Trotz positiver makroökonomischer Indikatoren ist das sektorale Wachstum uneinheitlich: Agrarexport und Handel führen, während Industrie und Bauwesen langsam vorankommen. Der Wechselkurs und eine mögliche Erhöhung des Mindestlohns sorgen für Spannungen.

Das erste Quartal 2026 zeigt eine wachsende paraguayische Wirtschaft, jedoch mit sektoralen Unterschieden, die erklären, warum sich die guten makroökonomischen Zahlen nicht in einer gleichmäßigen Verbesserung für Unternehmen und Haushalte niederschlagen.

Der Agrarexportsektor wuchs im ersten Quartal um 7,7 %, angetrieben durch die Entwicklung von Rohstoffen und internationale Preise. Der Handel und einige Dienstleistungszweige legten um 4,8 % zu, was eine höhere Dynamik zu Jahresbeginn widerspiegelt. Die Industrie verzeichnete mit 3,2 % ein moderateres Wachstum, während das Bauwesen eine unregelmäßige Leistung zeigt, ohne wieder an Fahrt zu gewinnen. Dienstleistungen im Zusammenhang mit dem Inlandskonsum wachsen langsam und ungleichmäßig.
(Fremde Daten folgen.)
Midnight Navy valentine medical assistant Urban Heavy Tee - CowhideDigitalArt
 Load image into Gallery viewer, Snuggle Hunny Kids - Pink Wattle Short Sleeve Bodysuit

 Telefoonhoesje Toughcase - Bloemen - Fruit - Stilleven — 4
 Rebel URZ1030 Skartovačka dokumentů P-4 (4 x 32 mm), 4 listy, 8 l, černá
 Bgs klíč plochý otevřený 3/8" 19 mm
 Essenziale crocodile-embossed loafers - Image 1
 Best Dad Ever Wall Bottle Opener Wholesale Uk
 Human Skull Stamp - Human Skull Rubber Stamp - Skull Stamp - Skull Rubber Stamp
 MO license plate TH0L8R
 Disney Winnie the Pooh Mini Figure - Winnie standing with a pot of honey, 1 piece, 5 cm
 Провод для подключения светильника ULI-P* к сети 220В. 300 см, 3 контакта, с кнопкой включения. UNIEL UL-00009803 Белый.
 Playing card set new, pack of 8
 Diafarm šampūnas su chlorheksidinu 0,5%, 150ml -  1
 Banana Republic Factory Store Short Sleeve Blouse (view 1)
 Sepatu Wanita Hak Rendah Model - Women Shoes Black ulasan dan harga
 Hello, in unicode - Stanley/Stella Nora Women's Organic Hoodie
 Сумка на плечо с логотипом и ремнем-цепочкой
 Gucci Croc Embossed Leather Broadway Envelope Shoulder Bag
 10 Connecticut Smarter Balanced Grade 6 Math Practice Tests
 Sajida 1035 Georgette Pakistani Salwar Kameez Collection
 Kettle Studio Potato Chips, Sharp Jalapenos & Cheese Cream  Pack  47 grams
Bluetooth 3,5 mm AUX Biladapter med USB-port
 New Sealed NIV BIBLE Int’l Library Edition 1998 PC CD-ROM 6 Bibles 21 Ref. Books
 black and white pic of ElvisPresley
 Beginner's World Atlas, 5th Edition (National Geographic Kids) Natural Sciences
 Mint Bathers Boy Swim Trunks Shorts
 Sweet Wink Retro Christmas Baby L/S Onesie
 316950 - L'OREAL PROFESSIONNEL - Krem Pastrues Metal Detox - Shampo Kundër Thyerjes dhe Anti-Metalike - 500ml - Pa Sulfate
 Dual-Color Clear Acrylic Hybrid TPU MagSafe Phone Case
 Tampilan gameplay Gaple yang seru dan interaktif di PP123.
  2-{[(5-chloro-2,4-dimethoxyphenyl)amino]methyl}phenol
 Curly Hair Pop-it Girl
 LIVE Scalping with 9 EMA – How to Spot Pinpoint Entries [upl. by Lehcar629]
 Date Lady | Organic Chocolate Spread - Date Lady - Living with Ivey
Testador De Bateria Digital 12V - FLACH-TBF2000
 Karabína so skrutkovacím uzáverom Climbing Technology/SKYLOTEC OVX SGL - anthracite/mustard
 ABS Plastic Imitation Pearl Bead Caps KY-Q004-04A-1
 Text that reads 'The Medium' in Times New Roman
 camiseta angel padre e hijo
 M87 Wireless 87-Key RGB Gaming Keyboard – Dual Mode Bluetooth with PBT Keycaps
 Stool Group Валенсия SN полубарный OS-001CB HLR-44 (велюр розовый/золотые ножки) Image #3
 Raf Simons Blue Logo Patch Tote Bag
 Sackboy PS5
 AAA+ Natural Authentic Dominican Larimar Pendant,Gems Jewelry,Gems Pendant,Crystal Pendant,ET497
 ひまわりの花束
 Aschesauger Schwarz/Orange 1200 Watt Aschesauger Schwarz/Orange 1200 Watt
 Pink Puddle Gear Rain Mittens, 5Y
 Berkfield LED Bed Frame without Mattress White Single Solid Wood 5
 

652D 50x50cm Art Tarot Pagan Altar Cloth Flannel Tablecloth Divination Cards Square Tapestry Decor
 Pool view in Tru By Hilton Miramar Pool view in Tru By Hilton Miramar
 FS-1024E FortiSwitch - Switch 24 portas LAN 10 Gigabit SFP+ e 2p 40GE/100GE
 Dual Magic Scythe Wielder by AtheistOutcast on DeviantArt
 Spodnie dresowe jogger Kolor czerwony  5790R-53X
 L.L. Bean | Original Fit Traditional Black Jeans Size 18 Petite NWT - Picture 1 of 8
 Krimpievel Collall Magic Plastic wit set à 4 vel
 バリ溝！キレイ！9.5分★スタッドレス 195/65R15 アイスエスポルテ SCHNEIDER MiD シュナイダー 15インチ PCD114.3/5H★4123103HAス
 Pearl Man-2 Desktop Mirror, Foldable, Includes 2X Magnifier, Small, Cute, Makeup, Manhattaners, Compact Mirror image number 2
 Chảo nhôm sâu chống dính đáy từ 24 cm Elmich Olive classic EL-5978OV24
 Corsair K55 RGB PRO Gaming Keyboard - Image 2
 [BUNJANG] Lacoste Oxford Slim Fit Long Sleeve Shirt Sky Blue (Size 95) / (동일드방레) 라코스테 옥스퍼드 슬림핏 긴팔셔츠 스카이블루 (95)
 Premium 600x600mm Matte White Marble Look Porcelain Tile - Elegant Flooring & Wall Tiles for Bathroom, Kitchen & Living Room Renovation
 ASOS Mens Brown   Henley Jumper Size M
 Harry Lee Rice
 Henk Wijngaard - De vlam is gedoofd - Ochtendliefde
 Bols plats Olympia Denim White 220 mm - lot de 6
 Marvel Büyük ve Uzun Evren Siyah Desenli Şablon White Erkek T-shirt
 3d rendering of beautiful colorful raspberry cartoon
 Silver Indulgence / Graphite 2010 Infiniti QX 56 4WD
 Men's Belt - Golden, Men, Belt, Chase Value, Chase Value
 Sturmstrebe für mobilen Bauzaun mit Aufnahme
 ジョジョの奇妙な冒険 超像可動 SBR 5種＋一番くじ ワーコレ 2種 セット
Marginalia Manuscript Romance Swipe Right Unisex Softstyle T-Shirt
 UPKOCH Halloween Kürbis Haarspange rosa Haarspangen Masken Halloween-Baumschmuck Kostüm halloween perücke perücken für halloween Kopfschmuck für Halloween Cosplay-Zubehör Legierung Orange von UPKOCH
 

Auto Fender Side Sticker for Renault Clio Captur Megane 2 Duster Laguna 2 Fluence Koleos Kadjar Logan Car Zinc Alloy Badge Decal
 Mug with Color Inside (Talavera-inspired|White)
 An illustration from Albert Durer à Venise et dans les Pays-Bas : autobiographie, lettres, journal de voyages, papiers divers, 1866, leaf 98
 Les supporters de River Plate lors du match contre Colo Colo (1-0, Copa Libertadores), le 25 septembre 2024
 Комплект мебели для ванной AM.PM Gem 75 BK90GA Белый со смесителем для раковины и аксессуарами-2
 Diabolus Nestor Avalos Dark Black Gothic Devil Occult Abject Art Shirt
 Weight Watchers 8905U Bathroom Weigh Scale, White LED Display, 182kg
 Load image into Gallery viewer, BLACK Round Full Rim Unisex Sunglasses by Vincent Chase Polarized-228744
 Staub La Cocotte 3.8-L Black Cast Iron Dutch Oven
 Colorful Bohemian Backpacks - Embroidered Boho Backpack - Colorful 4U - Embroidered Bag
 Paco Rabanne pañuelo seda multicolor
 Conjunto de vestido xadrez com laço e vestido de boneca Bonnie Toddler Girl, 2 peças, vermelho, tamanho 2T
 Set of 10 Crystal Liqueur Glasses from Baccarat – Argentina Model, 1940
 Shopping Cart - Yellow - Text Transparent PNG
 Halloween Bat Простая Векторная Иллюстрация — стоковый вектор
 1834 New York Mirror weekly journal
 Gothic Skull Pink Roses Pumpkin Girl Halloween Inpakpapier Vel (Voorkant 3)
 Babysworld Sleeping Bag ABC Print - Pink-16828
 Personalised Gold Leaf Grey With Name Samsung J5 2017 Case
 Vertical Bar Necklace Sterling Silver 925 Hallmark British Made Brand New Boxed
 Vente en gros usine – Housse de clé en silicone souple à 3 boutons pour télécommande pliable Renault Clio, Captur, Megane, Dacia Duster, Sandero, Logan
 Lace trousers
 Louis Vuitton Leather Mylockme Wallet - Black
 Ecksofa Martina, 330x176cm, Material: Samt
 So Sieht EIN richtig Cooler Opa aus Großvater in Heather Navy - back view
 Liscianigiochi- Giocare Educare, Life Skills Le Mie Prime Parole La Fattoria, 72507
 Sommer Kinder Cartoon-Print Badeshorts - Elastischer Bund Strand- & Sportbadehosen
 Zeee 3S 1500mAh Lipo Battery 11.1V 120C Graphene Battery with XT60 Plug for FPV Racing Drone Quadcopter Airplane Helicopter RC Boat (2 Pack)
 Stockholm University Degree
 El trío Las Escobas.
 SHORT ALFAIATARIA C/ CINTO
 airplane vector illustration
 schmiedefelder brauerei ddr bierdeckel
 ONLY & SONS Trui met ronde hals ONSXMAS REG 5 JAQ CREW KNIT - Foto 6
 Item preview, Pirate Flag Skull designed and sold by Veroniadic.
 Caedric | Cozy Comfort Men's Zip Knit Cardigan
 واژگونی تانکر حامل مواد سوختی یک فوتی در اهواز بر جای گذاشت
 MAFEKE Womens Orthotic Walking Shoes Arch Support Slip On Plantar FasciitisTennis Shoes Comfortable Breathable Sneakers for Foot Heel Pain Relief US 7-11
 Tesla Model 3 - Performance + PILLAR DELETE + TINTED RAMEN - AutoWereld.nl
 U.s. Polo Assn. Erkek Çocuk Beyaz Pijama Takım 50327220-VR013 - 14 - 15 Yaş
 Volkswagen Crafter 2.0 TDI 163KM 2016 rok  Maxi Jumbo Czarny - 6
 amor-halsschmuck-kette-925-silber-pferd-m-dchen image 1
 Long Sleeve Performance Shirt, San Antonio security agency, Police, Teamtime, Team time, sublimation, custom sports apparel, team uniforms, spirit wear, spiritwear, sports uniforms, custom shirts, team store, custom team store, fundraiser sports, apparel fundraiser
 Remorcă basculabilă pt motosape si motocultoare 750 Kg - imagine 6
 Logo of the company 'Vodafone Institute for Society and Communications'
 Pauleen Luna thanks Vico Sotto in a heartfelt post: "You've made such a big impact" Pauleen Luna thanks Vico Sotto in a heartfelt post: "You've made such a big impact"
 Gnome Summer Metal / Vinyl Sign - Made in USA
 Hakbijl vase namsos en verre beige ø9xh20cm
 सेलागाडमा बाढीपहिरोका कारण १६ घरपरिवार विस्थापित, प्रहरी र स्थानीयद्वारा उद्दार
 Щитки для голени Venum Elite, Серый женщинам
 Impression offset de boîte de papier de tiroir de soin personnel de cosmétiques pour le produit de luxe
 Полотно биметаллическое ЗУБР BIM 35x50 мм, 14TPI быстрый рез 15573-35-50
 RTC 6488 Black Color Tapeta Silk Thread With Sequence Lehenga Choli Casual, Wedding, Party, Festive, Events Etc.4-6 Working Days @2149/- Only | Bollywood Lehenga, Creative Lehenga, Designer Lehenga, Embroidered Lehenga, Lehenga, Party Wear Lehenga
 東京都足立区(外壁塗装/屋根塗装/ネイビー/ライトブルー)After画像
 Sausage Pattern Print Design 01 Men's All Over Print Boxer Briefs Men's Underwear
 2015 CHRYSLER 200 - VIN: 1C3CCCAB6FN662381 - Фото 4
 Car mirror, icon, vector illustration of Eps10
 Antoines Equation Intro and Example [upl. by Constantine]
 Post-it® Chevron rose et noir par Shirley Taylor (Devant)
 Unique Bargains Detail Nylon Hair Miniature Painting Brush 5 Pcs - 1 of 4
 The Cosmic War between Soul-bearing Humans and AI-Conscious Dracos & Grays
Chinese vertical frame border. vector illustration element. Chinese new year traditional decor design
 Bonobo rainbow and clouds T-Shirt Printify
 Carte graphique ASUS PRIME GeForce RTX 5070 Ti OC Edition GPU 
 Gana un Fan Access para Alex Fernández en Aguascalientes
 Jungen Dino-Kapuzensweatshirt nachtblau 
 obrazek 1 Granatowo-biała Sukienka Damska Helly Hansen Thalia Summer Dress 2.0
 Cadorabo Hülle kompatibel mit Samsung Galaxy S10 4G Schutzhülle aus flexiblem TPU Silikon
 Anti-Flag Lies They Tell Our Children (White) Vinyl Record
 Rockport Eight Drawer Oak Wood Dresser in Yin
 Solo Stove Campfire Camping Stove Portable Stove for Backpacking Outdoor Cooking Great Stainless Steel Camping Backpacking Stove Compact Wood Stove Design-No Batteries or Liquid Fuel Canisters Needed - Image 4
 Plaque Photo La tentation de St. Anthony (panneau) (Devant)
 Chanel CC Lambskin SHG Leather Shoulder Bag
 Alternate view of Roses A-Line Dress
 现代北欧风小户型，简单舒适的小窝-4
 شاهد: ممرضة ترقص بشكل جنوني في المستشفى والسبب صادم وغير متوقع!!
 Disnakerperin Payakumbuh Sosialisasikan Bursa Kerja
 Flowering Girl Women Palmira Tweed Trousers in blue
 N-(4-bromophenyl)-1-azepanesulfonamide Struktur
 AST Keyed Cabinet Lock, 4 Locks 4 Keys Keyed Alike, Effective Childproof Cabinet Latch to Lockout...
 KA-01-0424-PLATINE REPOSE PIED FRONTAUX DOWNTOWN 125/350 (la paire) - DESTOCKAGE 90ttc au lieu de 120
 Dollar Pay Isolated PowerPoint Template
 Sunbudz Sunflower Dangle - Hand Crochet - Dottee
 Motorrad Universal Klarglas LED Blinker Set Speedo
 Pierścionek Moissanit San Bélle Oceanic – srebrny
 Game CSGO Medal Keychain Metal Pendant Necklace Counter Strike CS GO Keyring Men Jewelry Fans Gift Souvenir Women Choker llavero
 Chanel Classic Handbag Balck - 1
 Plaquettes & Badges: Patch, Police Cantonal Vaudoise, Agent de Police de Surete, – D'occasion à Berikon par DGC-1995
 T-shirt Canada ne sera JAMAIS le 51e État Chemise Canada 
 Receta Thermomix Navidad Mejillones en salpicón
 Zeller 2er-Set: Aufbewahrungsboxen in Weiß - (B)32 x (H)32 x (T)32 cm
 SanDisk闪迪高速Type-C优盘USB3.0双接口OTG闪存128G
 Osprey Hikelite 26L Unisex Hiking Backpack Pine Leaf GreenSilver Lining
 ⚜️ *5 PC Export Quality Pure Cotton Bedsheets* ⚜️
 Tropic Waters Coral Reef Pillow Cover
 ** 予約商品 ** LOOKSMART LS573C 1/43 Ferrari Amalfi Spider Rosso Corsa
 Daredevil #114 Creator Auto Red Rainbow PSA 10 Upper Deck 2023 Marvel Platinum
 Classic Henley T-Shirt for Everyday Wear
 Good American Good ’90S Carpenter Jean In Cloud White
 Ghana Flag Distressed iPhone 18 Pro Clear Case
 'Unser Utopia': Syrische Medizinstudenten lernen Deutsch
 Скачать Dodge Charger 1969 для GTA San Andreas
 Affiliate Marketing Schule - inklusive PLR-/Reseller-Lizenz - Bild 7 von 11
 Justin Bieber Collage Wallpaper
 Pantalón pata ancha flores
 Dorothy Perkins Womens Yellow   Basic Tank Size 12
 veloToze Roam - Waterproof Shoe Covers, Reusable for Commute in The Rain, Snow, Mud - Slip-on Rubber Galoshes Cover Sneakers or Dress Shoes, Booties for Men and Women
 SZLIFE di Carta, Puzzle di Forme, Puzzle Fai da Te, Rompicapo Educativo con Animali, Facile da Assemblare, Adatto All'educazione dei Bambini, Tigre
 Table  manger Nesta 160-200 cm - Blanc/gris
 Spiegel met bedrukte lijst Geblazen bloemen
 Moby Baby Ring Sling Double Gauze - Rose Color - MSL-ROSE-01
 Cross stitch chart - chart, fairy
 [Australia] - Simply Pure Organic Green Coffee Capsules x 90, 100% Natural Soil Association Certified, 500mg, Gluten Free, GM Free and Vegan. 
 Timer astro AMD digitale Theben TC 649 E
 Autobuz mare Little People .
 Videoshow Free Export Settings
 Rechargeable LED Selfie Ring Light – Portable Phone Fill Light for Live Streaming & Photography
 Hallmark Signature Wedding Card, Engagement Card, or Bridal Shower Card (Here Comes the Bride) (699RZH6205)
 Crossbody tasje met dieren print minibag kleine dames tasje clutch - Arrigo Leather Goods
Das Verhalten des Wechselkurses eröffnet eine erneute Debatte: Ein stärkerer Guaraní gegenüber dem Dollar kommt Importeuren zugute und hilft, die Preise zu dämpfen, verringert jedoch die Wettbewerbsfähigkeit der Exporteure und drückt die Margen der lokalen Industrie. Die Diskussion verschärft sich mit der Absicht, den derzeitigen Mindestlohn von G. 2.899.048 zu erhöhen, ohne einen entsprechenden Produktivitätsanstieg. Eine starke Währung in Kombination mit höheren Arbeitskosten könnte die Rentabilität belasten, insbesondere in Sektoren, die internationaler Konkurrenz ausgesetzt sind und geringe Margen aufweisen.

Das erste Quartal offenbart eine Wirtschaft, die wächst, jedoch ungleichmäßig und mit Spannungen bei Schlüsselvariablen. Die Abhängigkeit von externen Faktoren – wie Wechselkurs, internationalen Preisen und Rohstoffen – prägt weiterhin das Tempo der Inlandsaktivität. Die Herausforderung besteht nicht nur darin, das Wachstumstempo zu halten, sondern es auch ausgewogener zwischen den Sektoren zu gestalten.